> _Raw data_:

⟨

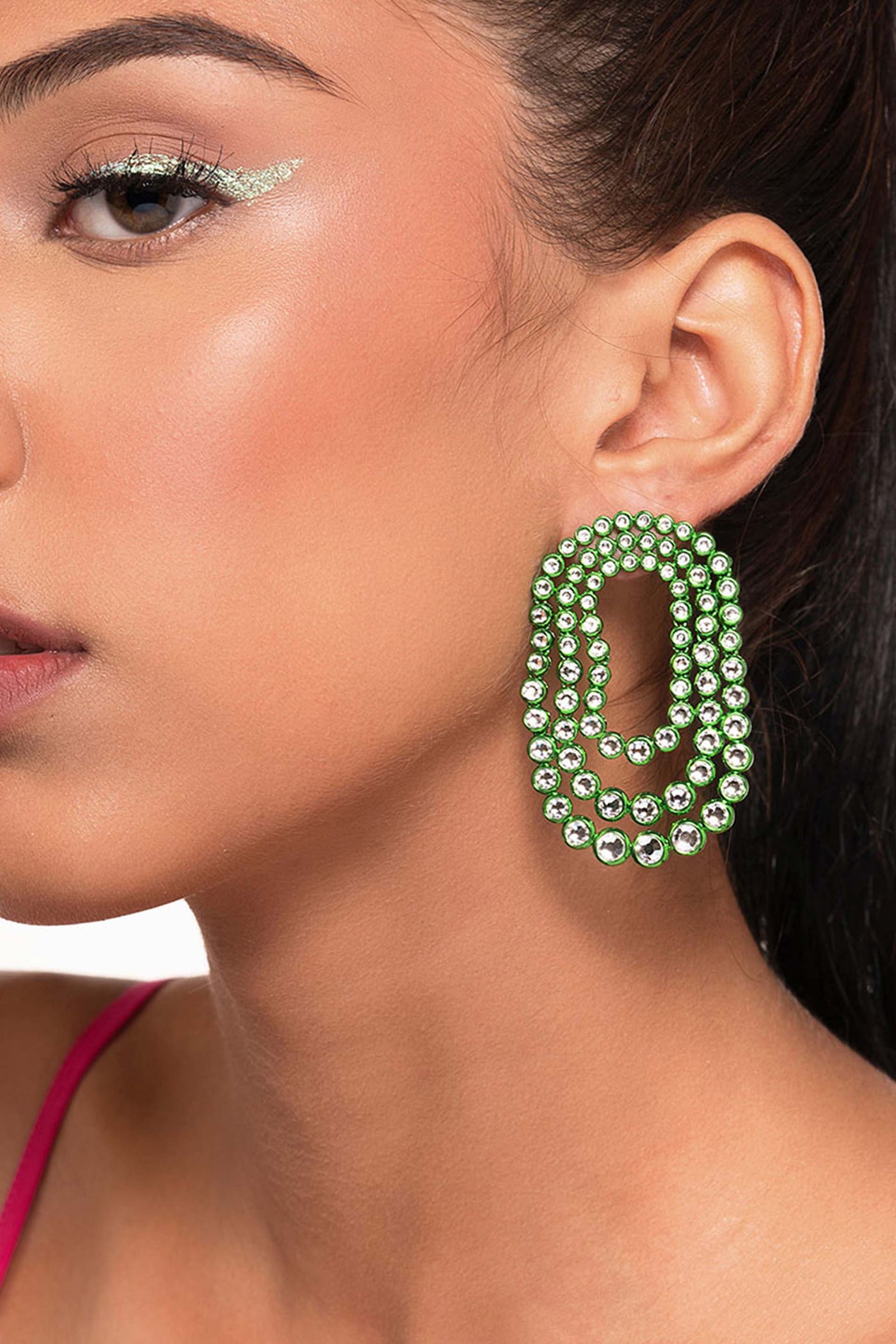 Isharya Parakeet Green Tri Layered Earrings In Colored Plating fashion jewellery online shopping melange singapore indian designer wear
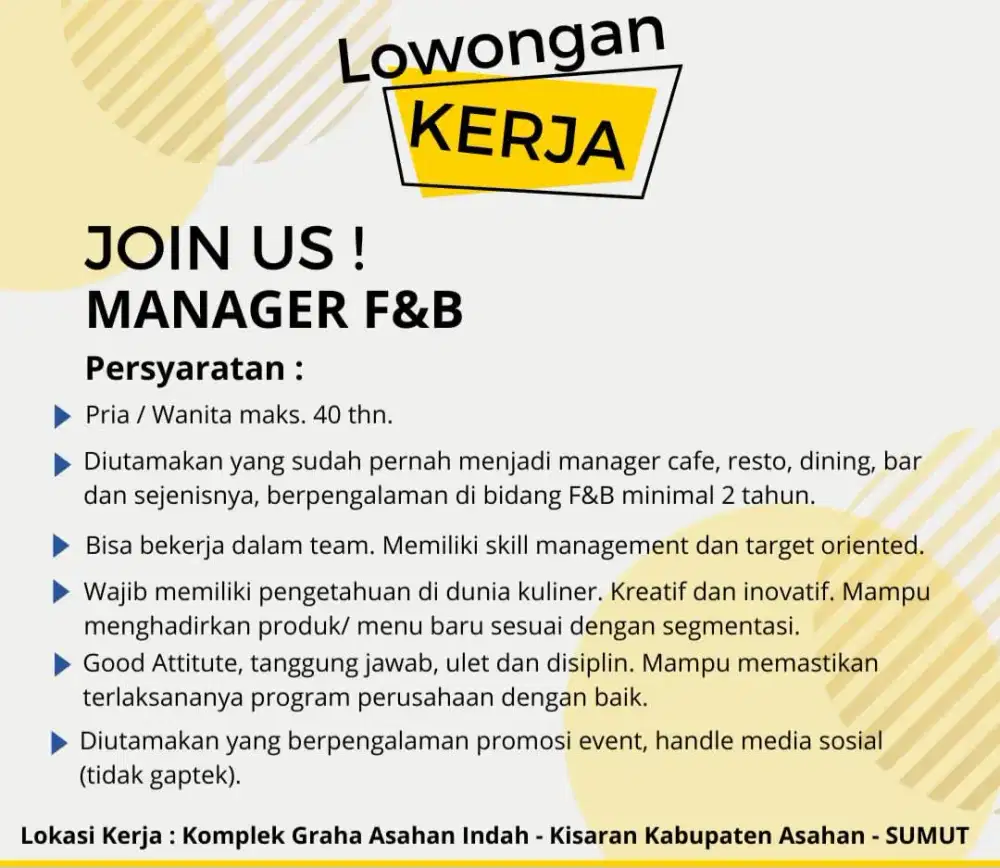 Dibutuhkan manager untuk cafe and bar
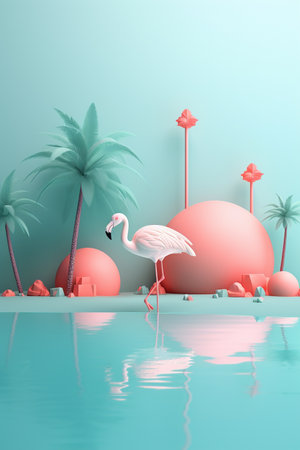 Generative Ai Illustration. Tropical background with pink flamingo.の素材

⟩

> _Task_: Skip the pictures and copy exactly the lines from the one containing "Dibutuhkan manager untuk cafe and bar" through the end of the material, both ends included.

> _Expected answer_:
 Dibutuhkan manager untuk cafe and bar
 Generative Ai Illustration. Tropical background with pink flamingo.の素材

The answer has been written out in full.